Podríamos acordar que el informe “Los límites del crecimiento” encargado al MIT por el Club de Roma en 1972, fue el momento en el que la conciencia ambiental pasó de la trastienda científica al escenario social. Han pasado sólo 52 años para una transformación cultural que exige revisar los valores sociales, económicos, científicos y tecnológicos de toda una civilización. Un reto de estado que asume la gente de la calle. Pensemos que 52 años antes de aquel informe, las decisiones de este tipo las tomaba el Rey, el presidente o el Primer Ministro, ya que gran parte de la población no sabía leer ni escribir.

Frente a una negación del cambio climático vinculada a la culpa, propia de personas de cierta edad, nos encontramos la inacción que produce la ecoansiedad en los más jóvenes. La irrelevancia de las acciones individuales, la insuficiente apuesta política y social por actuar a nivel planetario de manera decidida, y la dificultad para consolidar un proyecto vital a largo plazo -en el que el acceso a la vivienda juega un papel fundamental-, hacen que muchos jóvenes prefieran ignorar un problema en el que no tienen capacidad para incidir de manera efectiva.

Es necesario comprender y aceptar que el modo de vida actual y el largo plazo son dos magnitudes que se excluyen, pues el sistema entero está enraizado en una productividad no reproductiva.

Si éstas son las condiciones de contorno, la respuesta es una elección individual. Podemos confrontar la culpa negando la evidencia, podemos mirar a otra parte y gritar “carpe diem”, o podemos elegir descubrir, cartografiar y conquistar el futuro. Durante muchos siglos, los marineros que se adentraban en el océano Atlántico, tenían miedo de no poder volver a casa cuando los vientos del sur los arrastraban a alta mar. Los navegantes portugueses de mediados del siglo XV, creyendo en la verdad de la técnica y los instrumentos de navegación, descubrieron el patrón de interacción entre los vientos alisios, lo que les permitía aprovechar el viento sur para salir a navegar, y el norte para volver a casa. A este equilibrio de vientos lo denominaron la “volta do mar”. Fue el conocimiento de esta fuerza de la naturaleza y el deseo de ir más allá (nunca valoraremos lo suficiente el significado existencial del “plus ultra” del Imperio Español en la historia de la modernidad), lo que permitió a Colon llegar a San Salvador el 12 de octubre de 1492.

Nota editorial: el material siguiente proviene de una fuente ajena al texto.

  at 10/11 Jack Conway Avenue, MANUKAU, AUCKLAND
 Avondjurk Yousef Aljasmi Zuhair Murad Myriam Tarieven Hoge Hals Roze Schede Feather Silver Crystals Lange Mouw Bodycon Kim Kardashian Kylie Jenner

Hace un par de semanas alguien me dijo que era un “palabrer”, es decir una persona que inventa palabras para nuevos conceptos que aún no han sido nombrados. Voy a emularlo y a proponer un nombre para quienes apuestan por mediar entre sus ancestros y sus descendientes, inventando nuevos procedimientos donde sea posible obtener ganancias, permitiendo que en el futuro también pueda haber humanos ganadores. Estas personas confían en la existencia de un futuro que descubrir, y apuestan por participar en esa conquista.

Llamo a quienes participan de esta hazaña, geavoltasurferos, de -gea (porque tienen la capacidad de pensar en términos y tiempos planetarios), -volta (porque se abandonan a la paradoja humana que nos convierte en la especie con mayor riesgo de extinción por su propia acción, como los marinos del siglo XV se abandonaron a la “volta do mar” para ir más allá), y -surferos/as (porque son individuos de altas capacidades en la conciencia de la coexistencia, pero con una permanente sensación de soledad).

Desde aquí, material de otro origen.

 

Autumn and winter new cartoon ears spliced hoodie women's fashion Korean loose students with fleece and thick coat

Hay geavoltasurferos en los consejos de administración de todo tipo de empresas de la economía fósil, en puestos de gestión política, en startups tecnológicas y en consultoras profesionales. Los hay trabajando en una administración pública o fundando empresas, enseñando, estudiando o empujando para que el timón gire solo un poco y se produzca un cambio de rumbo allí donde están. Es fácil identificarlos porque no los encontrarán en la confrontación ni en la desesperanza, sino en la construcción silenciosa y convencida.

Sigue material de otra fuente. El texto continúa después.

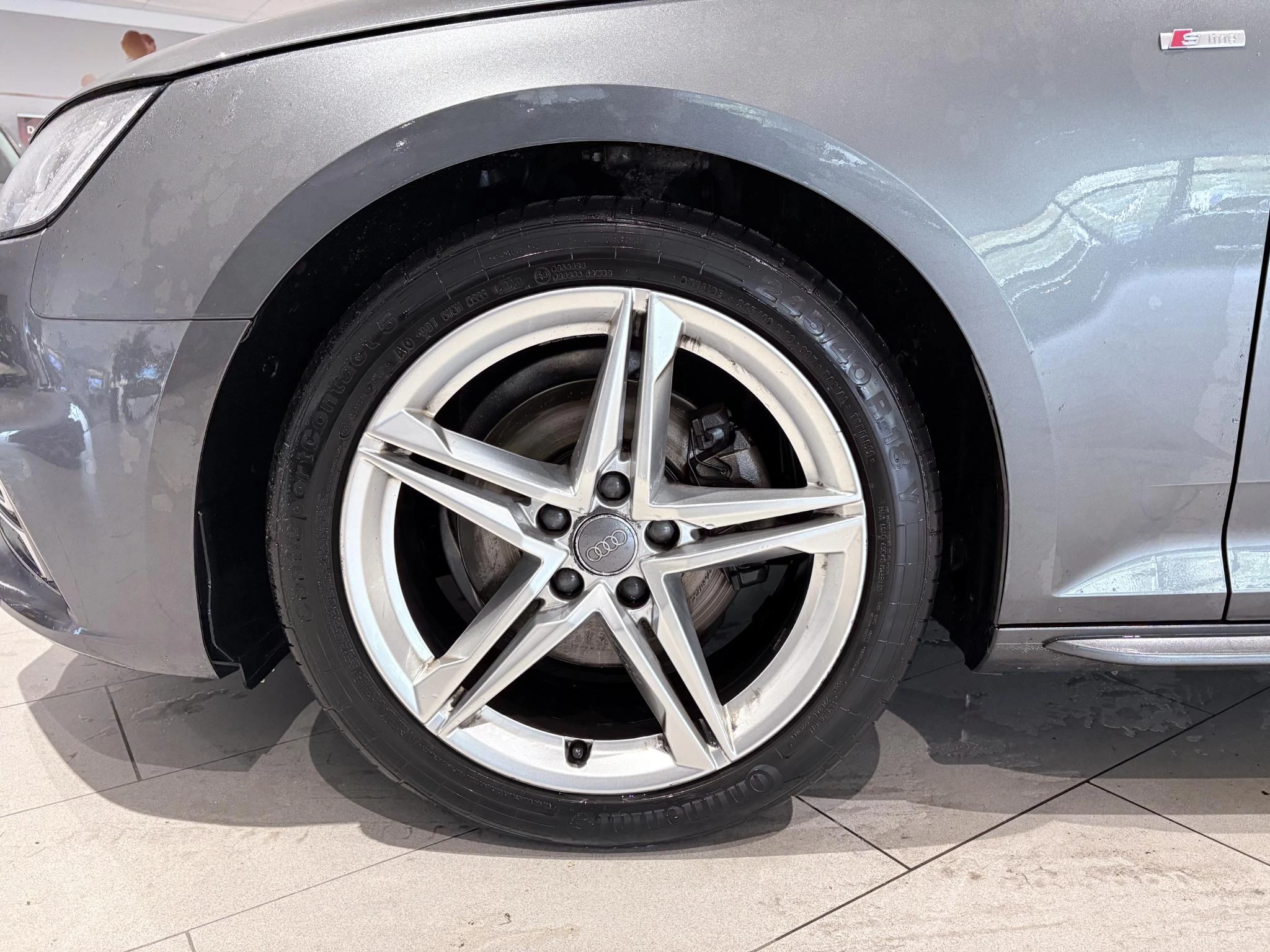 Audi-A4-image-1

Debemos observar e identificar a los geavoltasurferos para nombrarlos e impulsarlos, pues tienen dificultad para reconocerse a sí mismos, y están expuestos al riesgo de sucumbir a quienes critican sus retos pretenciosos. Sin embargo, esos retos pretenciosos son la única opción para dar continuidad a la vida humana, más allá de nuestra limitada ventana temporal.